October is a month of goblins, ghouls, jack-o’-lanterns, and other scary things Halloween — what plants could be creepier than carnivorous ones? Fascinating and fun for children, these plants serve as an excellent science lesson. Pick up one of these deadly (but not to people) plants along with your pumpkin for carving into a jack o’ lantern.

Venus flytraps: One of the few plants that has the ability to move rapidly, its trapping mechanism is triggered when an insect or spider crawling along the leaves comes into contact with one or more of the plant hairs twice in succession. The redundant triggering serves as a safeguard, so the plant doesn’t use energy closing when nonliving objects that don’t provide nutrition fall into its crosshairs.
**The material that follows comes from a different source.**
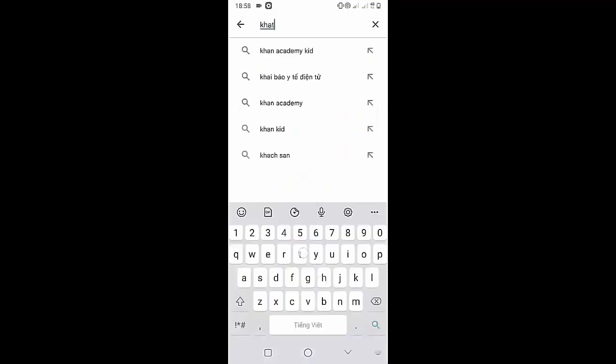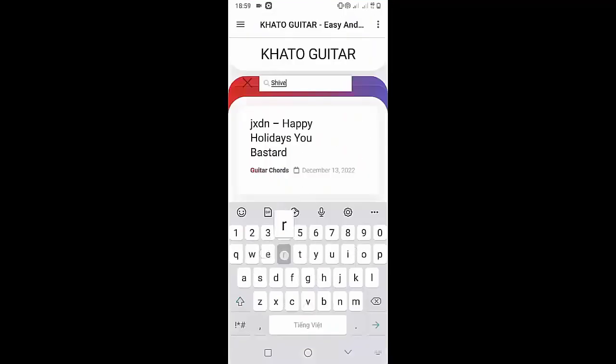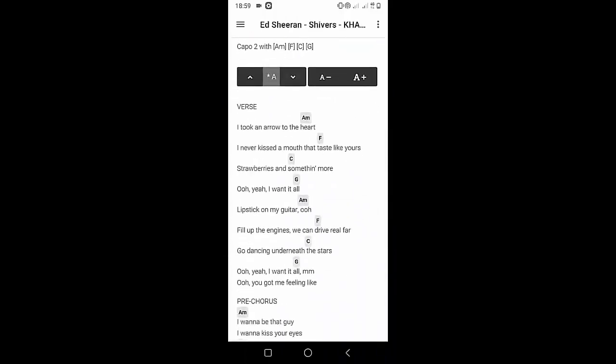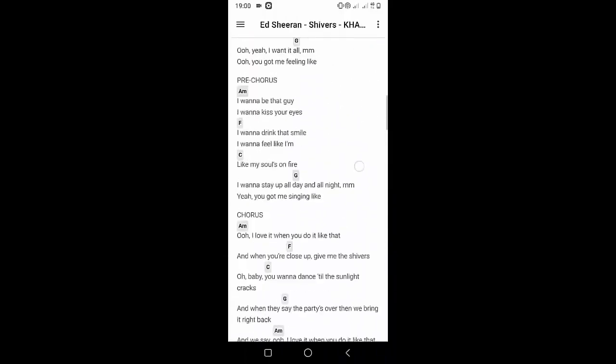Welcome to Kata Guitar Channel. Before going to the song tutorial, download the Kata Guitar Chord Lookup software on the Google Play Store for easy tracking. Now it's time for the video tutorial.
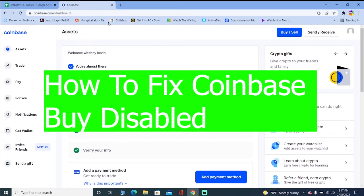Are you guys trying to buy crypto on Coinbase and it says buy disabled? Well, you're at the right video because in today's video I'm going to tell you how you can fix your buy disabled in Coinbase.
Pitcher plants: Don’t let these dainty little plants fool you! The cup-shaped pitcher plant stores a sweet-smelling juice that lures its insect victims in and then eats them up. The nectar contains enzymes that dissolve the insect. Large pitcher plants can even trap frogs, birds and snakes.
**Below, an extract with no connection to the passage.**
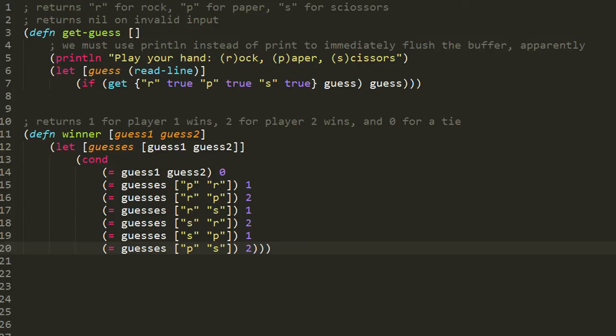Here are the first two functions, starting with the top one: the get-guess function. It takes no arguments and returns a string — a lowercase r, p, or s — depending on whether the player selects rock, paper, or scissors. If the player types something other than lowercase r, p, or s, that's invalid input and the function returns nil. Looking at the first line, we use println to print 'play your hand: r for rock, p for paper, s for scissors.' Then we have a let form binding to guess the value of readline. readline is a standard library function that takes console input, blocking the program while the user types, and when they hit enter, whatever they've typed is returned as a string.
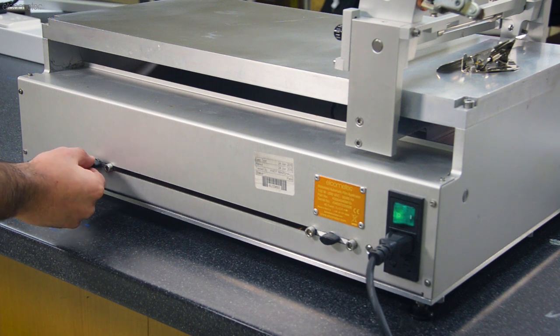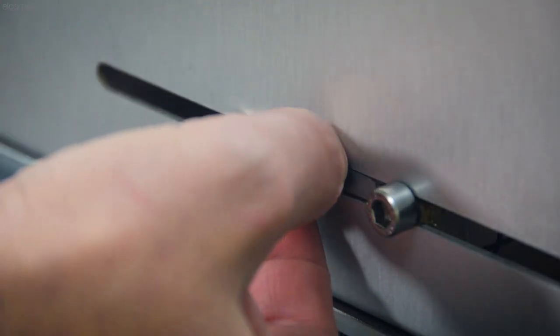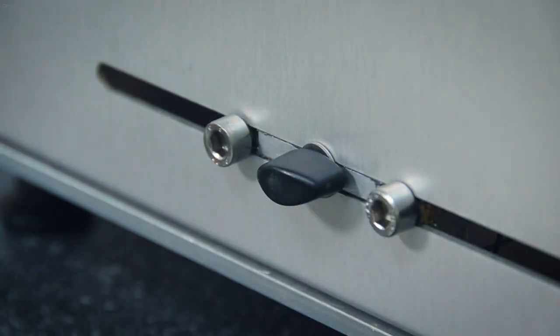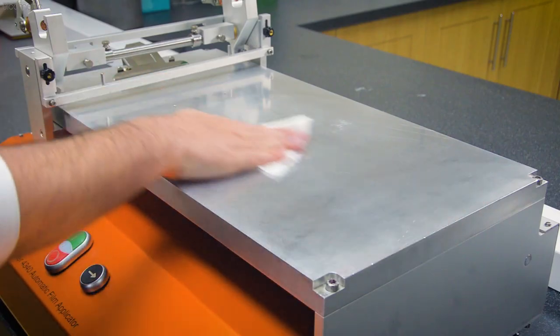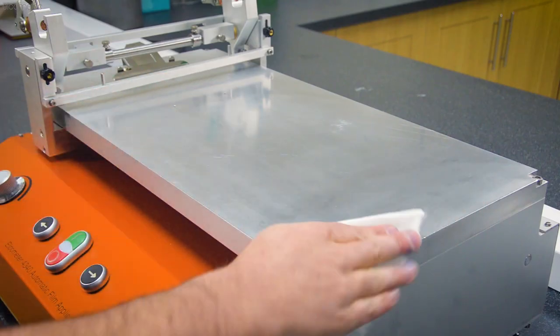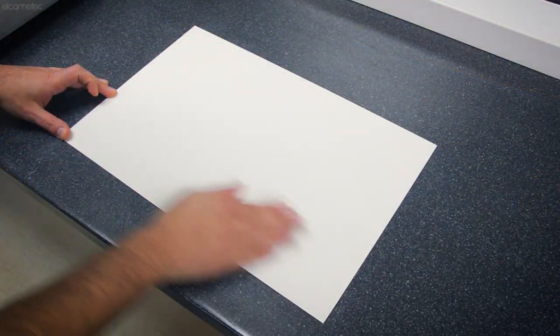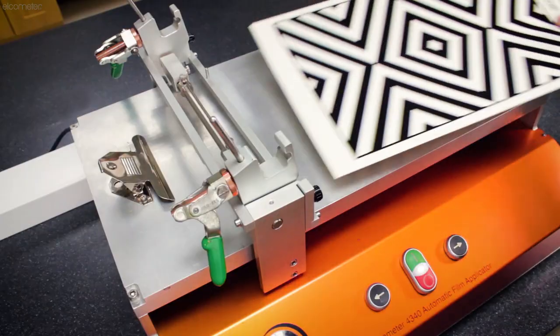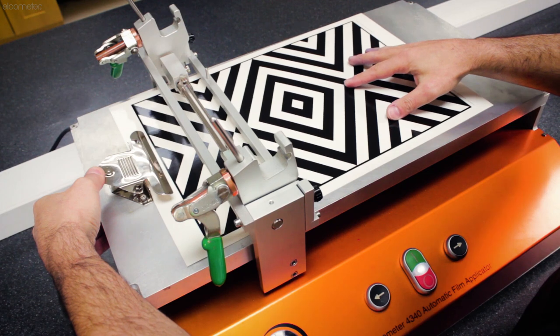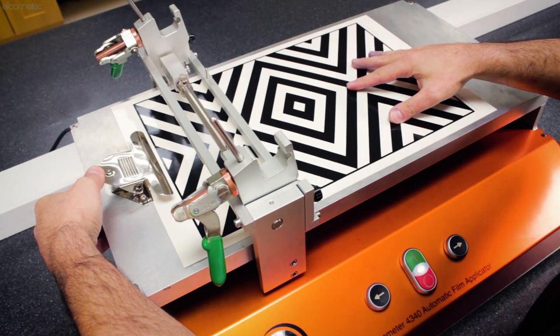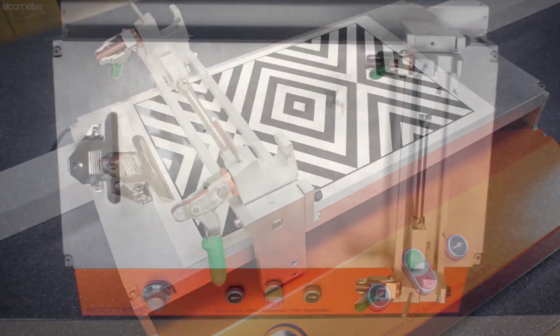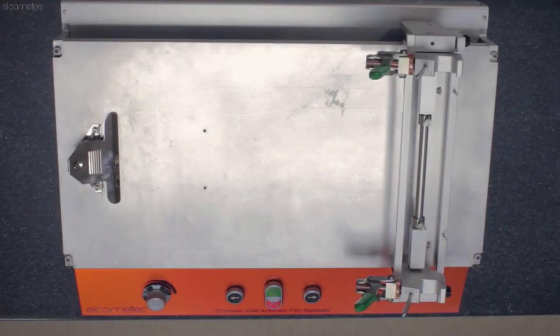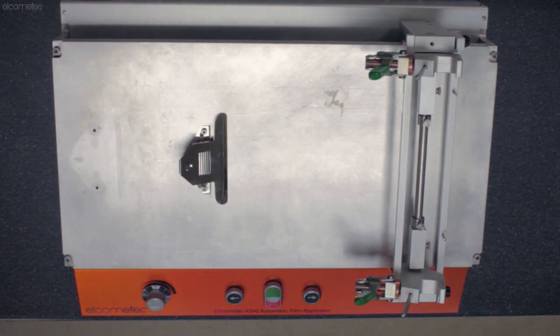With the applicator's speed and distance set, you can now mount the substrate to the table. Regardless of what kind of table you're using, make sure the table and the underside of the substrate are both clean. On a standard table, mount the substrate securely using the spring clamp. This clamp can be attached at two locations on the table: one for A3 sized substrates and the other for A4 sized substrates.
Sundews: The sundew gets its name from the gel on the ends of its exploding tentacles, which resembles morning dew. Insects that fly too close to the plant get stuck in the gel, much like flypaper, and are then devoured as the plant senses movement and wraps its tentacles around the bug.

Try something a little different and experiment with some creative designer pumpkin ideas in addition to or instead of your traditional jack-o’-lanterns this year. Painted pumpkins, polka-dot pumpkins, and hardware-adorned pumpkins create opportunities for playful, interesting and even elegant Halloween displays. You’ll need these supplies:

  • Newspapers
  • Thin-bladed knife
  • Large spoon or ice cream scoop
  • Cookie cutters
  • Hammer
  • Drill and various-sized boring bits
  • X-Acto knives in varying blade sizes
  • Petroleum jelly
  • Bleach

1. Gather your tools, and spread newspapers before you begin.

2. Using a large knife, carve out an opening at the top of the pumpkin, making the opening large enough to scoop out the insides — generally about two-thirds of the pumpkin’s diameter. Cut the top at an angle so it doesn’t fall into the pumpkin.

3. Scoop out the pumpkin’s insides with a large spoon or ice cream scoop.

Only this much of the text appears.